Whether you are coming toward the end of an existing lease term and considering renewal or you’re out on the market looking for new space, it’s always a good idea to understand the needs and motivations of potential landlords. It’s also important to realize that the objectives of landlords and their lenders are not always aligned and are often subject to change based on the dynamics of macro-economic forces.

For example, just a few years ago during the 2006-2007 peak boom-times, it typically was “all about rates” for landlords. The rate trend line was strongly upward and so property owners were less concerned about occupancy levels and more focused on maximizing lease rates. Also, lenders and potential buyers assumed that rates would keep rising for the foreseeable future so vacancy levels were not as important to them.

Of course, we all know how much things have changed over the past few years. Today, instead of lease rates, for most landlords the focus now is “all about occupancy levels”. Landlords need to eliminate vacancies and drive up their overall capitalized lease assets.
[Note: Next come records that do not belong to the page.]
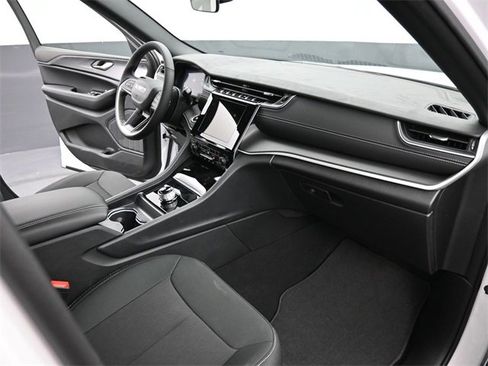 New 2025 Jeep Grand Cherokee Laredo image 25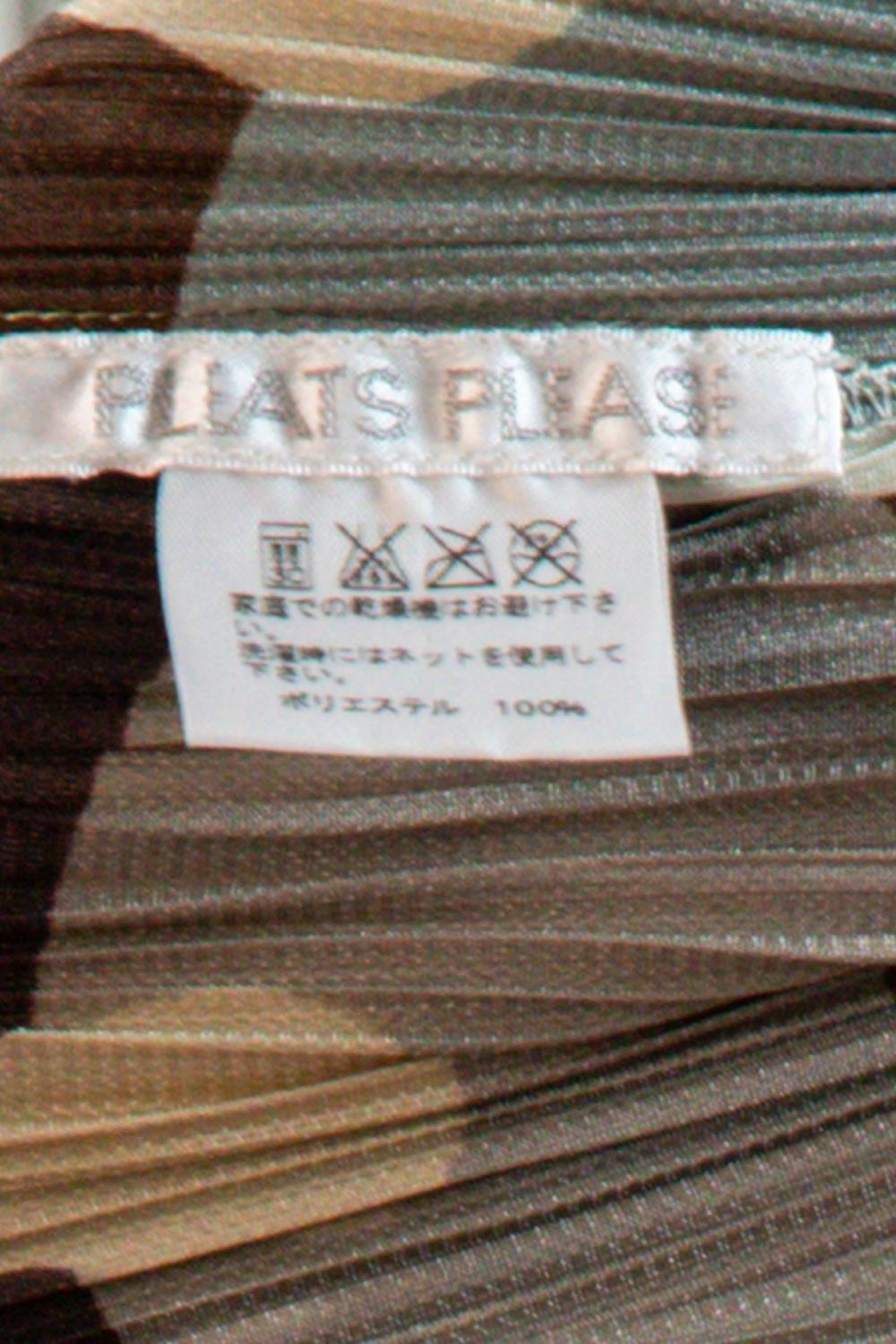 2000S Pleats Please Issey Miyake Vestito con stampa a pioggia in poliestere grigio ostrica e cachemire in vendita 4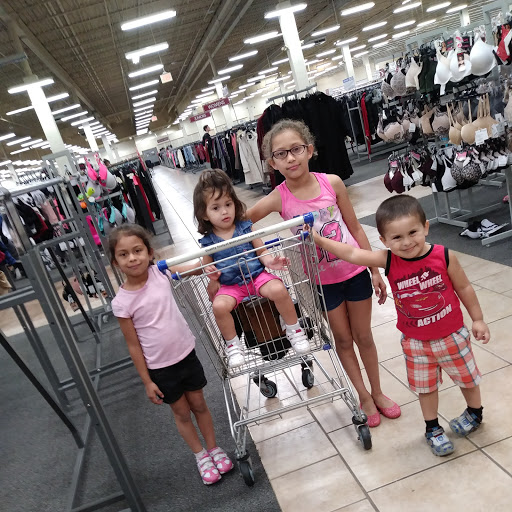 Clothing Store «Burlington Coat Factory», reviews and photos, 287 Washington St, Attleboro, MA 02703, USA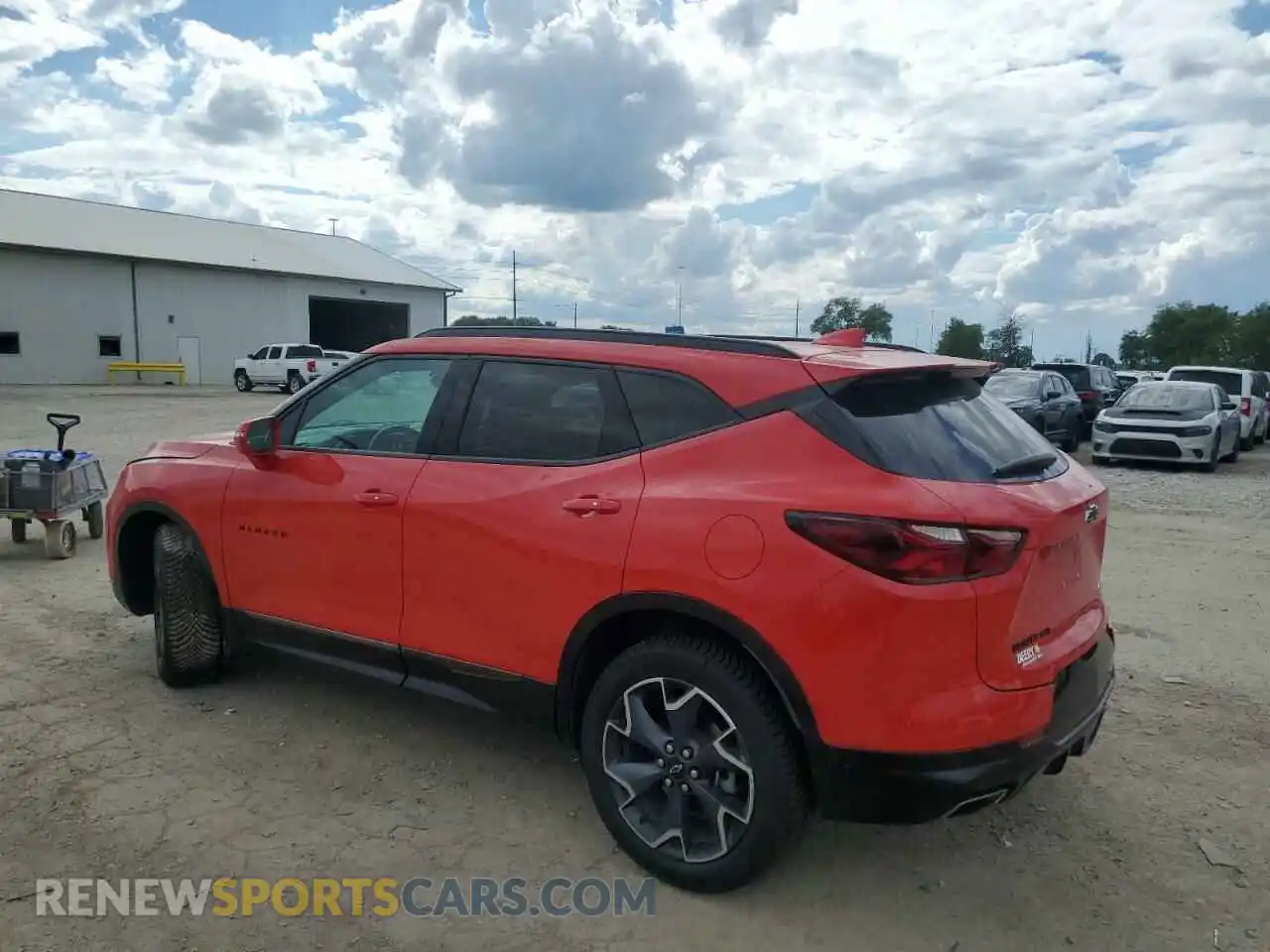 2 Photograph of a damaged car 3GNKBKRS8LS573512 CHEVROLET BLAZER 2020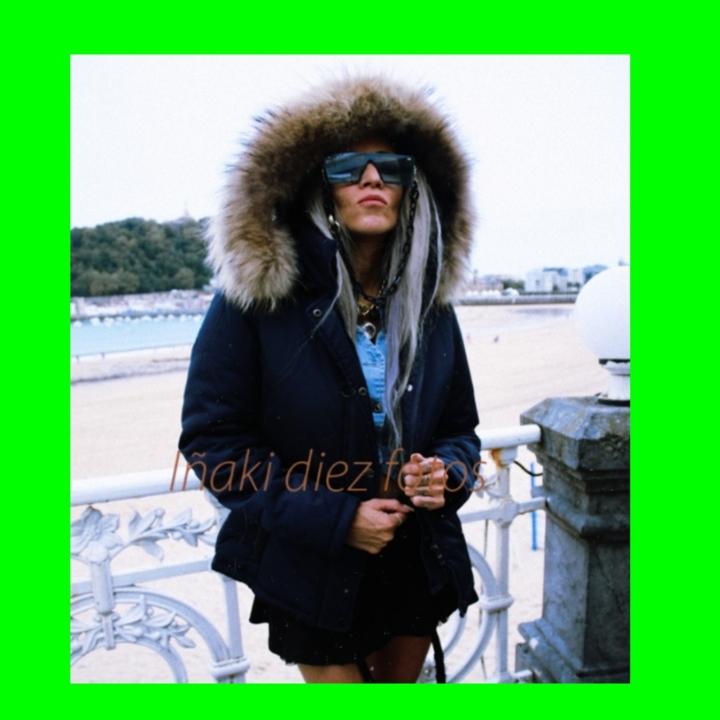 Chica busca chico en La Coruña: Chica busca chico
As a result, potential tenants currently have significant opportunities to drive major concessions in exchange for signing a multi-year lease.

If you have a lease that is expiring between now and the end of 2011, it’s likely that you can negotiate as much as a 25 to 40 percent rate reduction. But to get the best deal in both the short and long run, and also to protect against potential landlord insolvency, it’s wise to first do some homework and to consider all of the factors.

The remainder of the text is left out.